Setembro está a ser recheado de notícias sobre o estado do nosso saber em Matemática, com base na amostra de alunos opositores ao exame nacional do 9º ano.

Parece-me que se fala muito e não se diz nada, e se eu não fosse professora de uma disciplina que exige cálculo, se não estivesse no terreno, e se não conhecesse nada da legislação que suporta o que deve ser o Ensino Básico, só me ocorreria uma opinião: que é que os professores estão a fazer na escola? Todos! não estou a falar só dos de Matemática.... Acredito que se o exame fosse de Física e Química os resultados seriam iguais ou piores! Sabem porquê? Não é só contas que os alunos não sabem fazer! Eles também não sabem ler, interpretar.... Mas os que não sabem e passam vão continuar sem saber!

O Ofício Circular n.º 50, da DREL, de 11 de Agosto no seu ponto 4, diz que "a retenção deve ser uma medida pedagógica de última instância..." assim, ou por outras palavras, encontramos o mesmo em muita outra legislação sobre o assunto. Penso que sempre o terá sido, e não acredito que os profissionais de ensino que algures no tempo (no meu tempo de aluna) assumiram retenção de alunos o tenham feito levianamente, sem ponderar seriamente as razões que justificavam a retenção. Era eu estagiária, há cerca de 20 anos, e já os meus orientadores me falavam em dar sempre ao aluno o benefício da dúvida, mas depois de bem ponderar todas as tentativas de o ajudar e o trabalho desenvolvido pelo aluno. Acontece que, hoje, um aluno não é retido no 5º, nem no 6º, nem no 7º, nem no 8º..... passando sempre à custa de todos e mais alguns planos de recuperação (e já pode vir assim desde o 1º ano) e, uma vez no 9º, é presenteado com um exame nacional que quer lá saber das condições em que os alunos lá chegaram, quer lá saber de cada aluno como um individuo!!!!! E para muitos alunos, o único plano de recuperação que permite a a proposta de não retenção, é um plano que contemple o nível mais baixo de exigências.... quem sabe trabalhos ao nível de 1º Ciclo (e do mais elementar!).
E sabem? Eu até sou totalmente a favor dos exames nacionais, mas não nestas condições....
Não está previsto que o aluno possa frequentar a escolaridade obrigatória e que tenha direito ao diploma de frequência do 9º ano? Então para que andamos todos a (querer) fingir que todos os alunos concluíram, com qualidade e aproveitamento, em matérias e graus de exigência que se pretendem universais? É mentira! e o resultado em exames nacionais revela isso mesmo para a maioria dos alunos (e digo para a maioria, por assumir uma margem para aqueles que sempre acham que apenas foi o azar que ditou aquele resultado, tão diferente do que teve na classificação de frequência, serão excepções!)
As propostas para o Ensino Básico apontam para um ensino diferenciado, quase um aluno um professor (não obstante a dimensão das turmas!), e depois vem um exame nacional, universal! Um professor (aqui simbolizando a equipa que elabora os exames) para todos os alunos, considerados como iguais! Adeus ao aluno como individuo, adeus ensino diferenciado, adeus planos de recuperação! É caricato, no mínimo: todos diferentes (durante um ano) e todos iguais (num só dia).

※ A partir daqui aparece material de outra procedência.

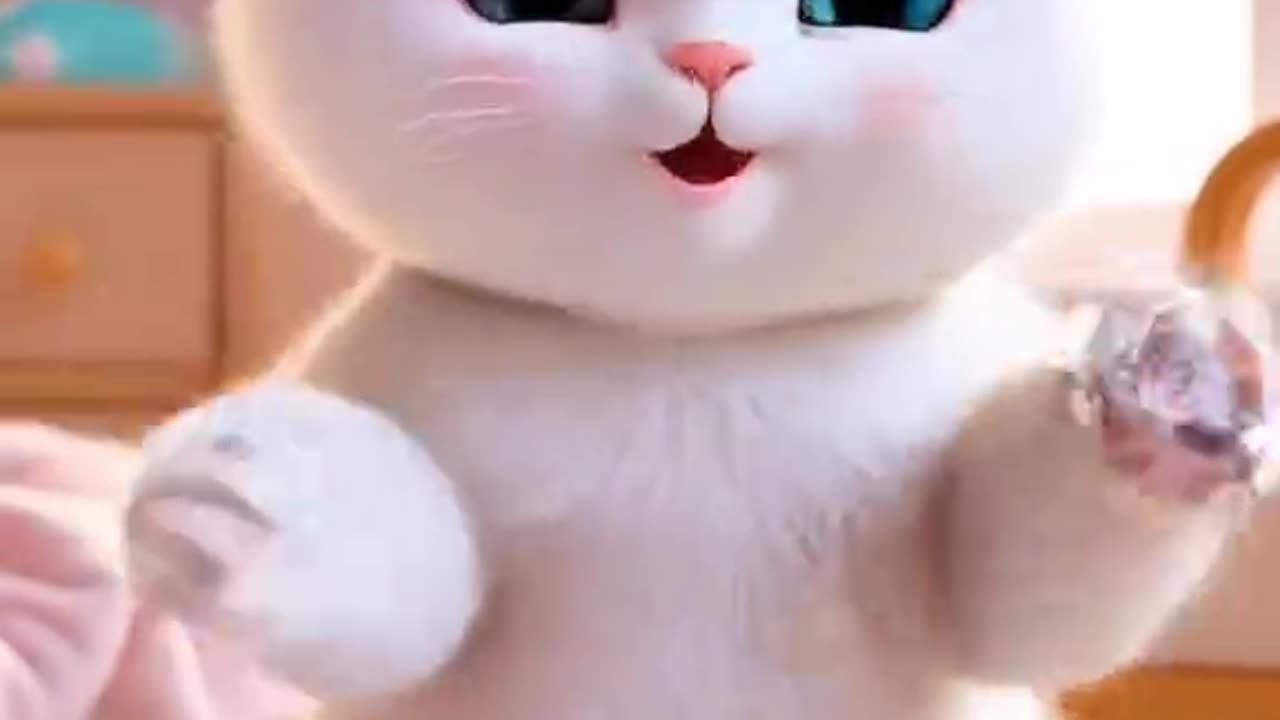 Cat loving video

Só para rematar, e acreditando que a imagem pode não ser muito feliz. Vou regionalizar. As crianças de Monchique (pelo menos as do 1º CE escrevem "vou à da avó", querendo dizer "eu vou à casa da minha avó", e vão passando (não fosse por isso, concordo), e a professora vai sempre corrigindo, certamente, e dizendo que não podem escrever como falam. Repare-se que nem sequer existe nenhum erro ortográfico em "vou à da avó", outras análises saberão fazer os estudiosos da língua (não é assunto do meu pelouro). Também todos entendem o significado daquela expressão, no discurso oral ou no discurso escrito, portanto há comunicação, mas... Os alunos são todos diferentes, é verdade, também as regiões são todas diferentes, é verdade, então temos que diferenciar tudo! Que os planos de recuperação dos alunos de Monchique contemplem o modo como se fala na região e veremos se os resultados na escrita, pelo menos, não serão melhores! Se calhar esses planos passarão a ser desnecessários, mas os alunos vão chumbar nos pseudo exames nacionais (do 4º ano)!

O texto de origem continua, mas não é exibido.